• [Directions for this task]
Each line of the data must be written out again verbatim; no image belongs in the copy.

• [Supplied information]
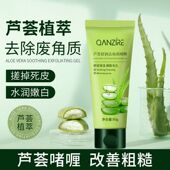 抖音热卖 芦荟去角质啫喱去死皮芦荟胶去角质凝胶面部清洁搓泥啫喱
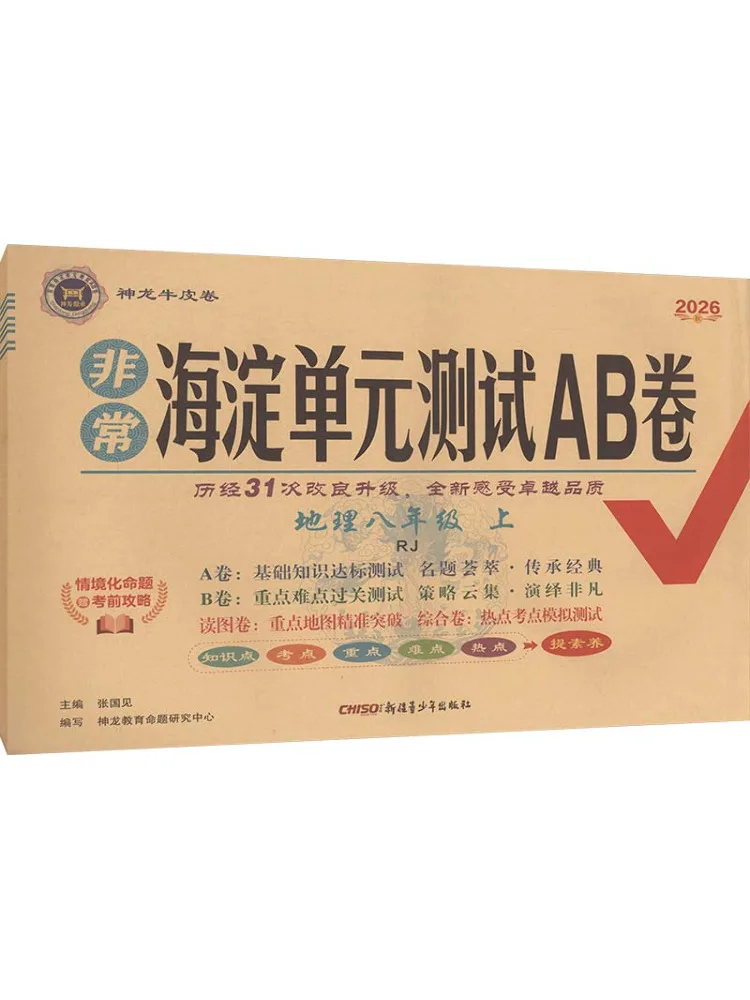Livre - Winshare Am Curriculum Standard Geography 8th Grade People's Education Press Edition Very Haidian Unit Test A B Paper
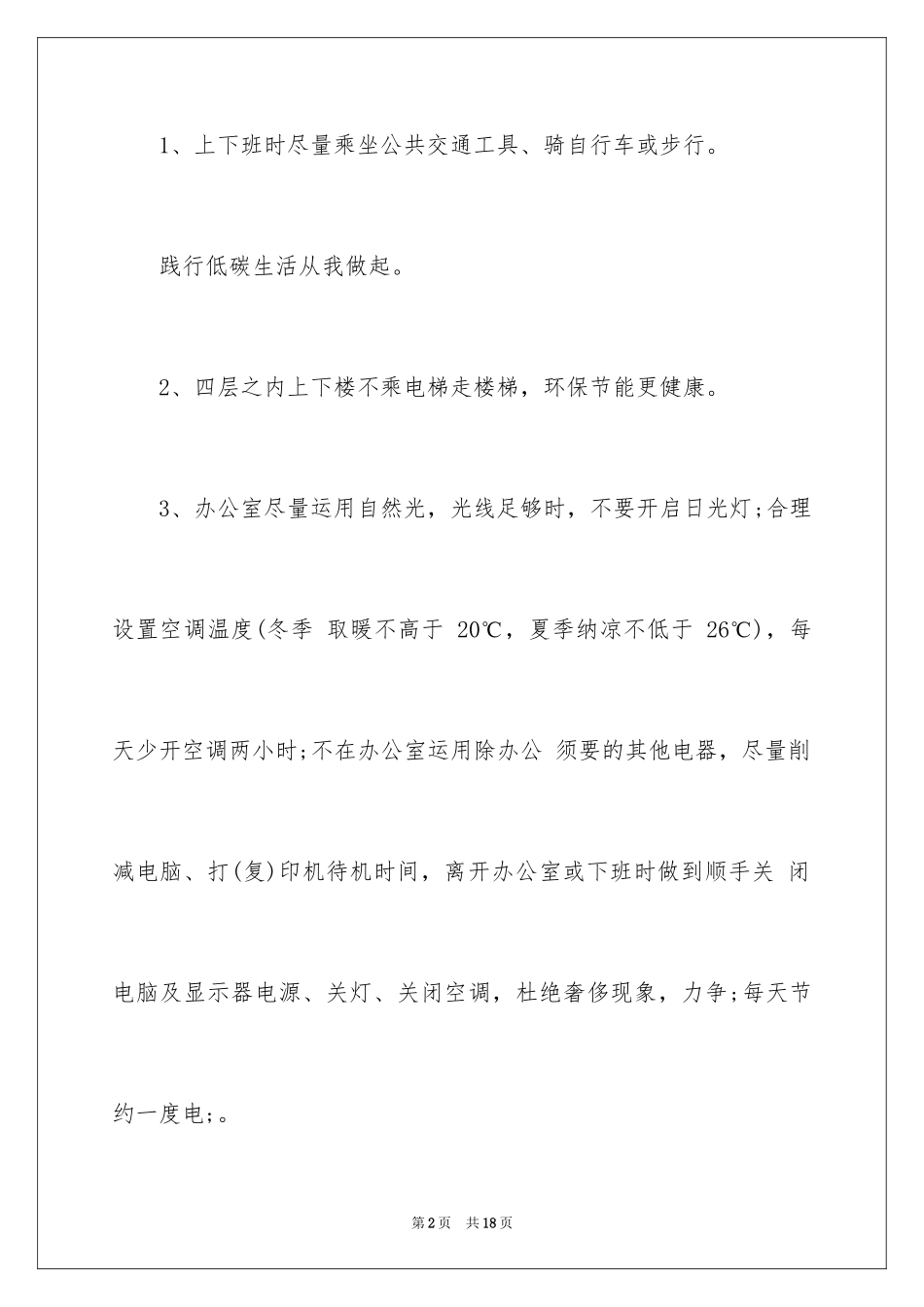 2024公司节能环保倡议书_第2页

• [Expected output]
 抖音热卖 芦荟去角质啫喱去死皮芦荟胶去角质凝胶面部清洁搓泥啫喱
Livre - Winshare Am Curriculum Standard Geography 8th Grade People's Education Press Edition Very Haidian Unit Test A B Paper
 2024公司节能环保倡议书_第2页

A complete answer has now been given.